# [Prompt]
For every entry that follows, return an identical copy.

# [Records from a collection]
______________________________
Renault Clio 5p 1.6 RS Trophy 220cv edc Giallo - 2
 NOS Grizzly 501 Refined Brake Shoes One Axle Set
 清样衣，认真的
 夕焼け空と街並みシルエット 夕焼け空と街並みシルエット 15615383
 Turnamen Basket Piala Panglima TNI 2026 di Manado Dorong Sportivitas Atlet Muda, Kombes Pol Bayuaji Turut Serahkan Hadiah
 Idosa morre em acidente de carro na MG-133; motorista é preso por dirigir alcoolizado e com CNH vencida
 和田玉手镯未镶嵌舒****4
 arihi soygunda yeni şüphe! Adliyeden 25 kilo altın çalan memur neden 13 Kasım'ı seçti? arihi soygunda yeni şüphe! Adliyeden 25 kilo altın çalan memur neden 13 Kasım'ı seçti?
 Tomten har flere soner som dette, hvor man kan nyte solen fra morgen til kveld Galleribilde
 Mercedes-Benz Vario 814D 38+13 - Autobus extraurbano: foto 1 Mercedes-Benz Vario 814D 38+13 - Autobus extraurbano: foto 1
______________________________
# [Task output]
Renault Clio 5p 1.6 RS Trophy 220cv edc Giallo - 2
 NOS Grizzly 501 Refined Brake Shoes One Axle Set
 清样衣，认真的
 夕焼け空と街並みシルエット 夕焼け空と街並みシルエット 15615383
 Turnamen Basket Piala Panglima TNI 2026 di Manado Dorong Sportivitas Atlet Muda, Kombes Pol Bayuaji Turut Serahkan Hadiah
 Idosa morre em acidente de carro na MG-133; motorista é preso por dirigir alcoolizado e com CNH vencida
 和田玉手镯未镶嵌舒****4
 arihi soygunda yeni şüphe! Adliyeden 25 kilo altın çalan memur neden 13 Kasım'ı seçti? arihi soygunda yeni şüphe! Adliyeden 25 kilo altın çalan memur neden 13 Kasım'ı seçti?
 Tomten har flere soner som dette, hvor man kan nyte solen fra morgen til kveld Galleribilde
 Mercedes-Benz Vario 814D 38+13 - Autobus extraurbano: foto 1 Mercedes-Benz Vario 814D 38+13 - Autobus extraurbano: foto 1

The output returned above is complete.